Hitmetrix - User behavior analytics & recording

Deliver the Basics Before Bells and Whistles

As any general knows, you plan a major battle campaign around conditions most favorable to your success. And any successful general also knows that if you always wait for ideal conditions, you’re not only going to lose the battle, you’re probably going to lose the war.

Real-life battles seldom go as planned. After all, despite all the preparation that surrounded D-Day, the timing of the historic invasion hinged on the weather.

In the past four years, the Internet has emerged as a global field of commerce and communications. As a result, businesses are devoting considerable time, resources and staff to designing and implementing an e-commerce strategy.

The first mistake companies usually make is being overly ambitious. Then, dazzled by the interactivity and multimedia possibilities of the Net, they put off making concrete plans until they’ve “mastered the technologies.”

As the expense and complexity of the e-commerce campaign escalates, the whole enterprise starts looking too risky. With so much at stake, the company begins to question whether it has the resources, staff and expertise to undertake such a major endeavor.

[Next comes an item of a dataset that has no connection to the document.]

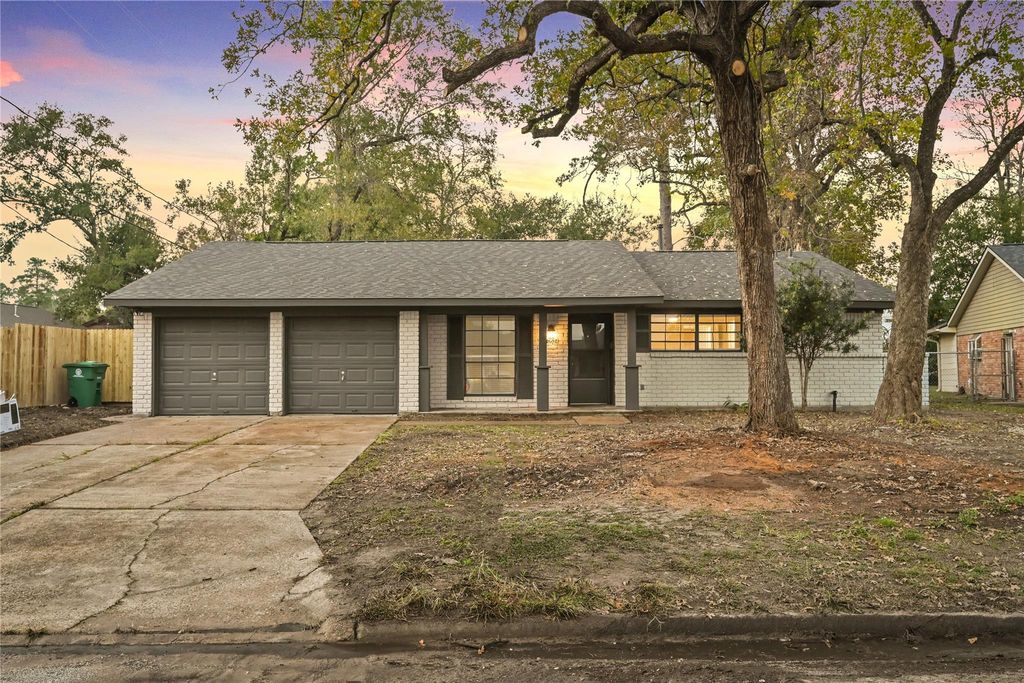 10534 Rockaway Drive, Houston, TX 77016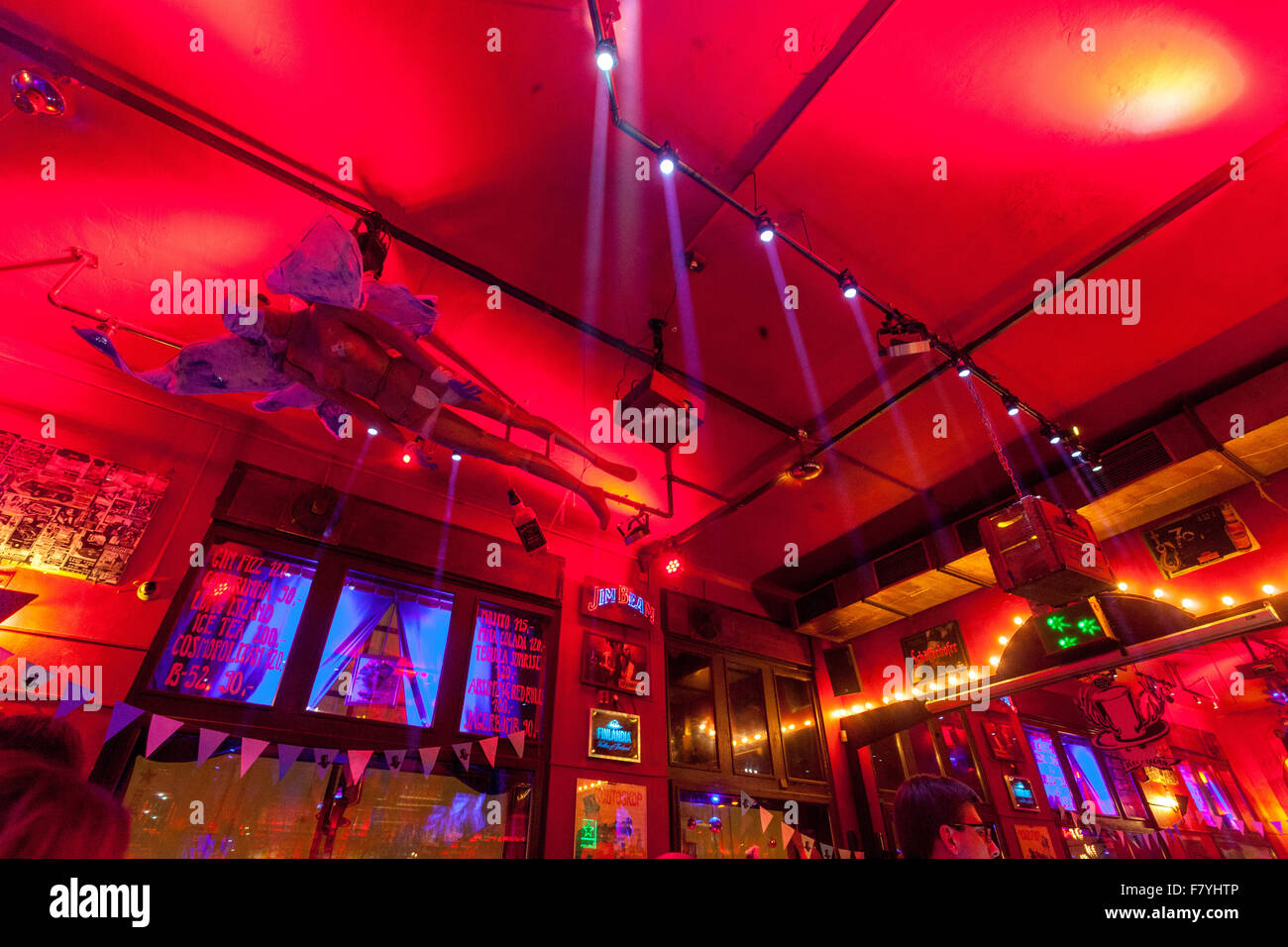 Chapeau Rouge bar de nuit, près de la place de la vieille ville. Europe République Tchèque Prague Banque D'Images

But neither Amazon.com nor LL-Bean.com were built in a day. Like any good battle plan, the strategy for an Internet retail operation should evolve in stages. The more you try to do right away, the more difficult the site becomes from a design and functionality standpoint.

Let’s look at some of the most important points to consider when planning an e-commerce strategy.

• Build your base before personalizing the site. The Internet has added a new dimension to customer interaction by enabling companies to monitor and analyze what visitors do on their sites. By better understanding an individual’s preferences, interests and browsing behaviors, a product or service provider can tailor offerings and promotions to appeal to individuals or well-defined demographic segments.

In the beginning, however, concentrate on building a customer base by offering good products and services. Once you have an established site, invest in analytical tools to differentiate your customers and personalize your interaction through e-mail offerings and promotions.

• Multimedia’s impressive, but start with the basics. The digital universe can put on spectacular fireworks displays. Advanced imaging technologies let you rotate objects 360 degrees, zoom in on details and examine a product from multiple views. Online retailers can create virtual 3-D display environments and weave in animation, audio and video.

Yes, you can do all these things – eventually. Most new online ventures, however, will find such pyrotechnics prohibitively expensive. They also eat up bandwidth and slow the search process to a crawl. If you visit most e-commerce sites, you’ll find this technology is still relatively scarce. An informative, clear image of a product is as effective a sales tool online as it is in a print catalog or advertisement.

• Image isn’t everything. Companies spend much time and money on branding. This quest for the perfect look is cultivated and applied to everything they do. Naturally, when expanding onto the Web, companies want to build a Web store with their trademark appearance.

A consistent image is key to corporate branding, yet spending an inordinate amount of time and energy on the cosmetics of a first-time Web site is counterproductive. Get an attractive Web store up and running and then refine it based on customer reaction.

• Design for your current segment. You want to sell across channels to your most loyal and profitable customers. So what do you do? Set up focus groups to find out what they want? Send out questionnaires? Provide the same products and services?

Online retailers report that 50 percent or more of their customers are new. The Web is full of adventurous types who surf for recreation and business. Since checking out product options online does not involve driving from store to store, Web users do a keyword or product category search and zip from site to site. The best way to formulate an effective marketing and merchandising strategy is to set up shop and test different approaches.

• Fully integrate the back end. This is what every Web retailer should aspire to, but not bank the store on. In a perfect online world, your online order processing and fulfillment system would be integrated with inventory, billing, accounting and distribution infrastructures. With this fully integrated back end, data and market intelligence on your online retail operation would be available in near real time.

Trying too quickly to make a seamless, real-time connection between your Web site and product and distribution infrastructure can create a bottomless pit in terms of development time and costs. Because the systems tend to be incompatible, it is best to attack such a project in small increments.

Set realistic goals and have a cohesive development strategy. Like any concerted attack, you want your marketing, product, design and technical units working off the same battle plan. A focused planning and design commitment enables a company to frame an attractive, affordable and technically do-able e-commerce solution. Like solving Y2K problems, this takes a unified enterprise-wide effort.

Selling on the Internet is different from selling through other channels. Initially, its newness can be daunting and you might mistakenly conclude that everything has to be done differently. This is patently untrue. Online retail is not exempt from the same economic forces as traditional business and should be viewed as an integral part of your portfolio mix.

An online store’s success depends on the usual merchandising strategies. Whether shopping in a store, online or by mail, consumers basically look for the same things: good products, efficient service and reliable delivery. The bells and whistles can come later. First you must get online and build a solid retail foundation.